Même chose pour les Blackhawks.

Car chez les Hawks, la comparaison fait aussi mal. Plusieurs journalistes avaient accusé Kyle Davidson d’avoir raté l’occasion historique de jumeler Demidov à Connor Bedard, comme si le choix logique était écrit d’avance.

Pourtant, c’est Artyom Levshunov qui a été appelé au podium au 2e rang au total, et force est d’admettre aujourd’hui que le pari tient parfaitement la route.

Le défenseur biélorusse est déjà utilisé comme défenseur droitier de première paire, jouant entre 18 et 22 minutes par match, dans toutes les situations.

La logique derrière ce choix est en train d’apparaître avec une clarté évidente : Chicago développe une structure autour de Bedard plutôt que de miser uniquement sur le spectaculaire.

Levshunov apporte la stabilité, la relance propre, la robustesse, l’intelligence défensive et la maturité physique qu’on exige d’un pilier de concession. Et il contribue offensivement avec 10 passes en 18 matchs.

Levshunov grandit dans le feu, contre les meilleurs trios adverses, soir après soir. Ce n’est pas une question de talent pur : c’est une question de développement assumé. Chicago a une vision claire de ce que son joueur doit devenir; Montréal semble encore hésiter à assumer ce que Demidov pourrait être.

Sennecke et Levshunov ne sont pas seulement de bons joueurs : il "fitent" avec leur ADN. Ce n’est pas une affaire de talent contre talent, c’est une affaire de structure versus improvisation.
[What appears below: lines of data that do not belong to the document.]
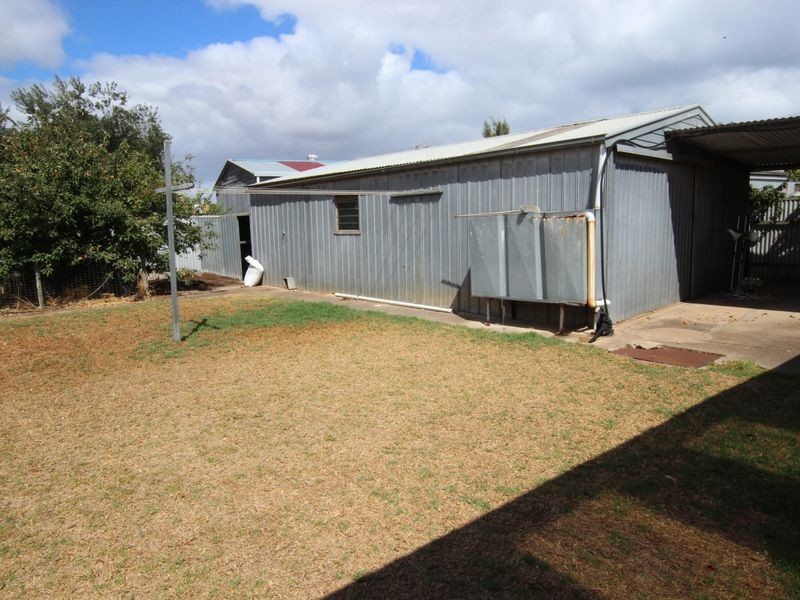 4 Irving Road, Aldinga Beach SA 5173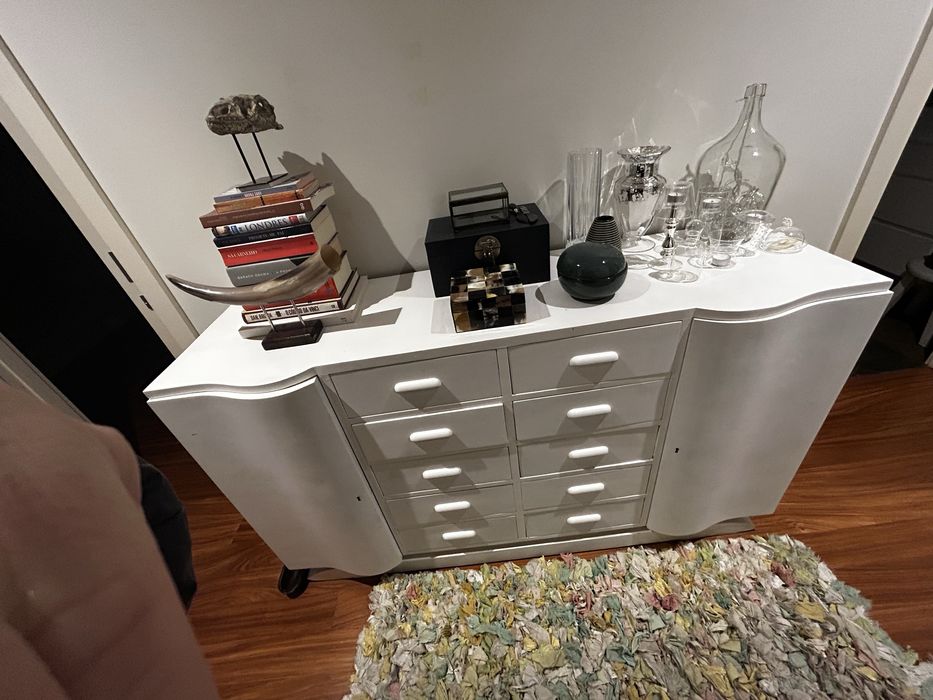 Movel com 10 gavetas exteriores e 4 vavetas interiores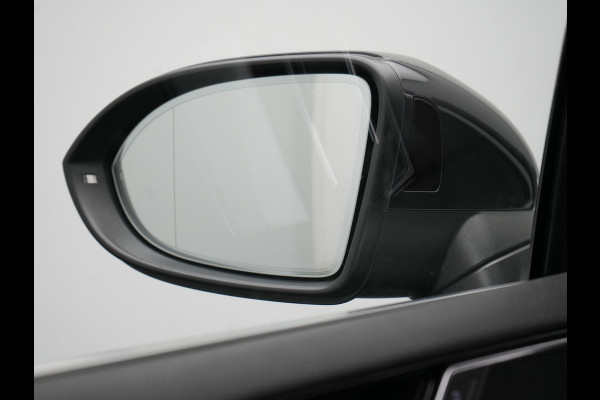 Volkswagen Passat Variant 1.4 TSI GTE Business Plug In Hybrid 218pk Dealer O.H PHEV | Trekhaak Af Fabriek | Adaptive Cruise | Alcantara Sportstoelen Massage & Verwarmd | IQ Light | Apple Carplay | Keyless | Blis | Navigatie | Virtual | DAB |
À Montréal, cette même structure est en train de devenir une prison pour Demidov.

Parce que tant que Martin St-Louis ne lui donne pas 17 minutes, tant qu’il continuera de l’engager comme un ailier de « middle-six » qui doit prouver qu’il peut défendre avant de créer, Demidov ne pourra se faire justice.

C’est ce qui nourrit le discours, en Russie et ailleurs, que rester une saison de plus dans la KHL aurait été plus bénéfique. Là-bas, il aurait été la pierre angulaire. Ici, il doit se battre pour grignoter une présence supplémentaire de supériorité numérique.

Pendant ce temps, Montréal explique que Demidov « n’est pas prêt », qu’il apprend « sans la rondelle », qu’il doit « mériter » son temps de jeu. Mais à 19 ans, l’apprentissage passe aussi par la glace. On ne devient pas Nikita Kucherov en jouant des miettes sur l'avantage numéroque avec Brendan Gallagher.

On commence à croire que les Russes ont raison de dire qu’il a été amené trop tôt, trop encadré, trop limité. Pas parce qu’il n’est pas prêt… mais parce qu’on ne le laisse pas devenir ce qu’il peut être.